One of the first matters of concern for a prospective client when it comes to a commodity broker is the level of commissions. It is a valid concern, but one must make sure they fully understand the answer before making a decision on choosing a commodity broker based on just the level of trading commissions.
- Commission rates on futures are paid per contract and should cover the round-turn rate, meaning both the buy and sell parts of a trade.
- Choose a commodities broker based on their expertise and how much profit they can add to your account, not solely by their commission rate.
- Active traders may be able to negotiate lower rates with brokers, but if you trade only once or twice a month, you should expect a higher commission.
- If you are not making money with your current broker, you can either negotiate a lower rate or look for a new broker with a better track record.
Comparing Broker Commission Rates
In the electronic age, commission rates on trading commodities have declined dramatically. In the early 2000s, many discount commodity brokers were charging in excess of $50 per round-turn, meaning for a buy and the sell transaction. With the move to electronic trading, discount brokers began offering commissions under $10 per round-turn.
Commissions on Futures
Remember, commission rates on futures contracts are paid per contract, not per order. Therefore, a transaction of 100 contracts is 100 times more expensive than a transaction of 1 contract. Electronic brokers leave all the decisions and execution to you, and they offer the lowest rates when it comes to brokerage commissions.
Commissions on Round-Turns
It is important to make sure that you always compare commissions based on a round-turn rate. A round-turn rate covers both the buy and the sell sides of a trade. A half-turn rate only covers the buy or sell side of a trade.
Full-Service Broker Commission
The trading style of a full-service commodity broker plays a major part in the commission you that the broker charges. If the broker desires to make trade recommendations each day, a customer should expect a commission rate somewhere near the low end of the range. If the broker only plans on making one trade every month or two, you should expect commission rates on the higher end of the spectrum.
A commodity broker is in business to make money, but one must make sure they are paying for solid advice and recommendations and not for just the sake of paying commissions. It is highly unlikely your account will be profitable if you are a very active trader paying $80 per round-turn in commissions.
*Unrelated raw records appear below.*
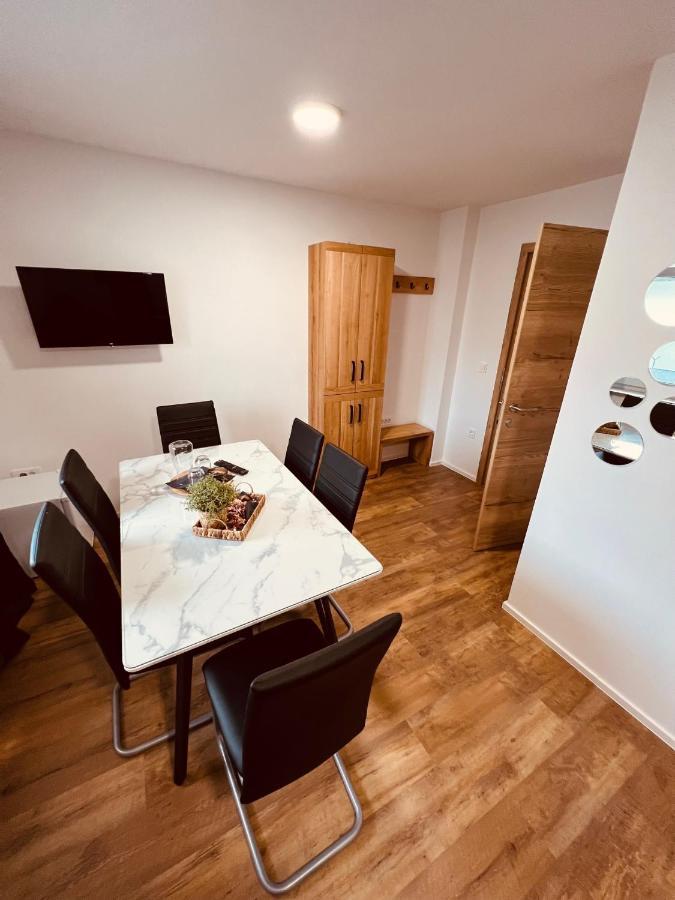 Pjagodic Hotel Cerklje - 5Min To Airport Cerklje na Gorenjskem Esterno foto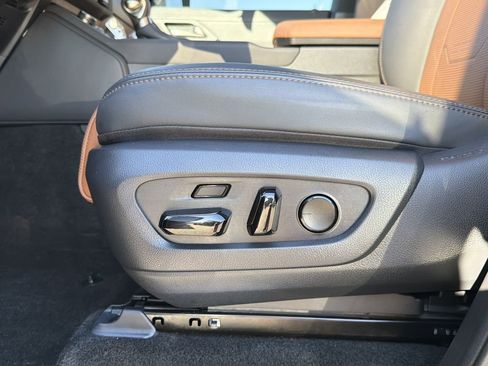 Used 2024 Lexus GX 550 w/ Accessory Package (Z1) image 25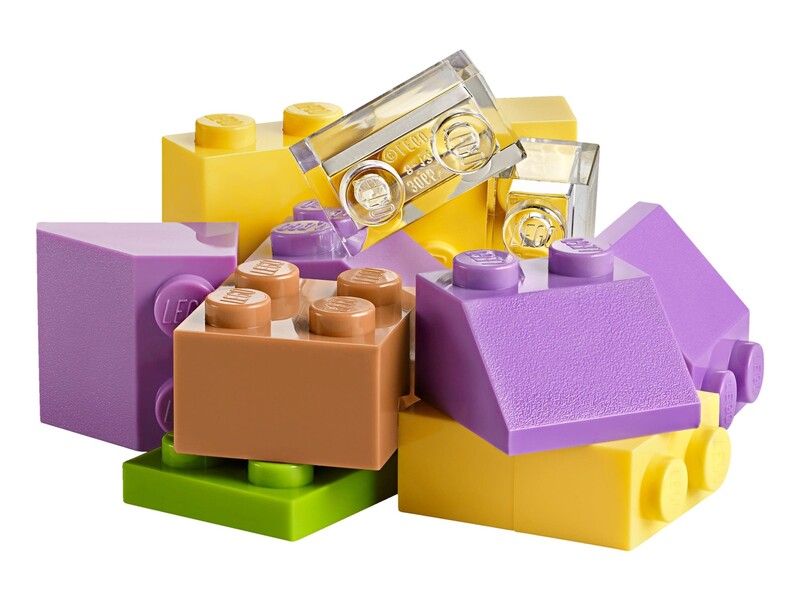 Конструктор LEGO Classic Чемодан для творчества (10713)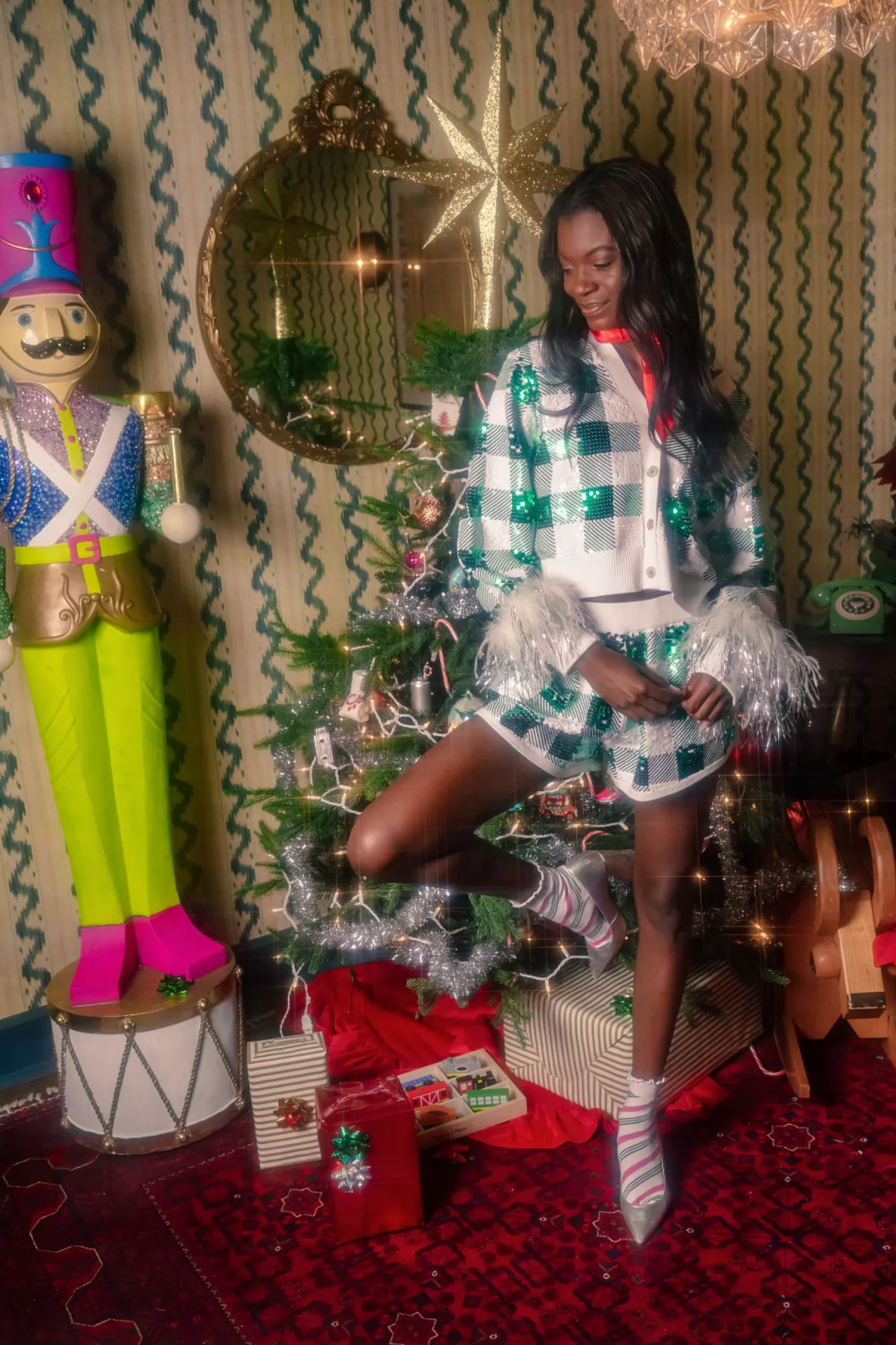 Queen of Sparkles Sets | Shorts<Buffalo Plaid Full Sequin Knit Shorts Green/White
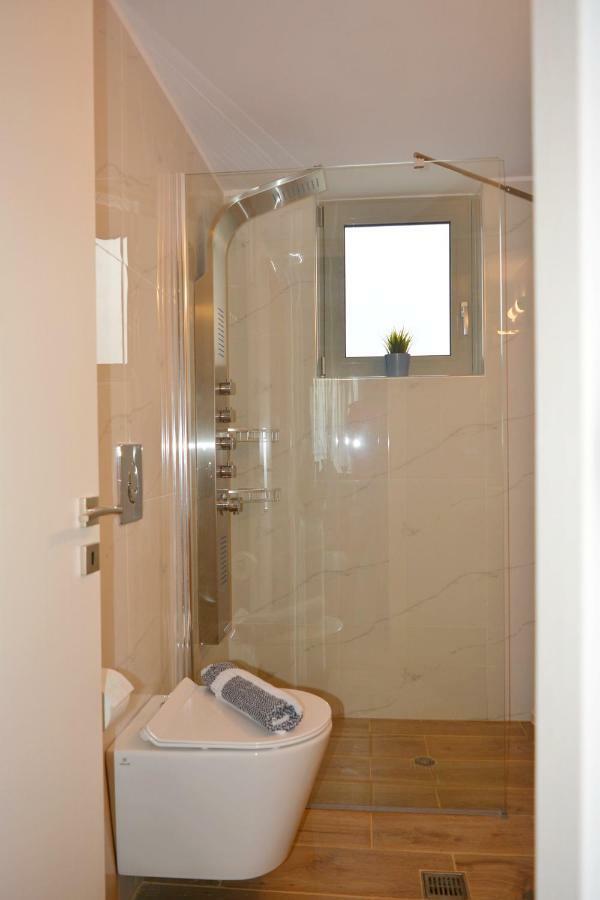 Balos Residence Private Pool Seafront Seaview 基萨莫斯 外观 照片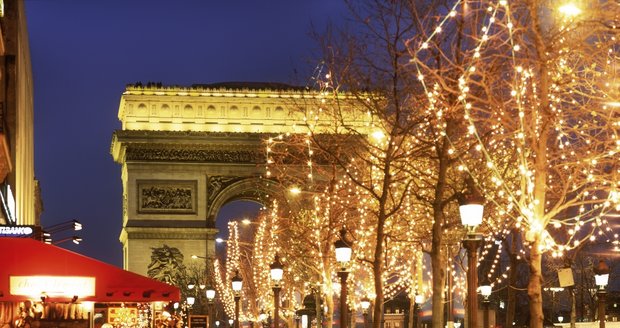 Neopakovatelná atmosféra vánoc v Paříži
Negotiating Commission Rates
Many new traders will choose a commodity broker based on commission rates. There is a lot more to the commodities futures business than just the rate of compensation paid to the broker. The main reasons for choosing a commodity broker should be whether you believe the broker will enhance the profitability of your account and if you feel the broker will be a valuable partner when it comes to helping achieve trading goals and objectives in the futures markets.
A commodity brokerage firm must pay fees to clear their trades with their Futures Commission Merchant (FCM). Your commodity broker gets paid a percentage of the commissions charged to clients. Often, the clearing fee is subtracted right off the top of their payout. So, if you expect to get a $30 commission rate from your broker, the broker is likely earning less than $10 per trade.
Active vs. Seldom Trader Commissions
One must be reasonable when hiring a full-service commodity broker to execute and make recommendations. It would be unfair to expect the broker to devote half of the day to someone who only executes one trade each month that earns the broker $20 in commission. However, an active trader who pays a substantial amount in commissions on a monthly basis should make sure that the broker is prepared to devote the time required to service the account in a proper fashion.
Most commodity brokers are willing to negotiate commission rates, especially when it comes to their established and active clients. If you are not able to negotiate lower rates when you open an account, you may be able to negotiate later as the relationship with your broker evolves.
The Time to Change Brokers
If you have not been making money with your commodity broker because of their recommendations, you can always negotiate for a break in commissions. However, if you are consistently losing money with a broker, it may be time to look at someone else.
If your broker is making you a good return on your investment you may not want to rock the boat as in the world of commodity brokers, one often gets what they pay for. Good commodity brokers are hard to find. It is always better to pay higher commissions to those who consistently make money rather than taking a chance with an unproven and untested commodity broker.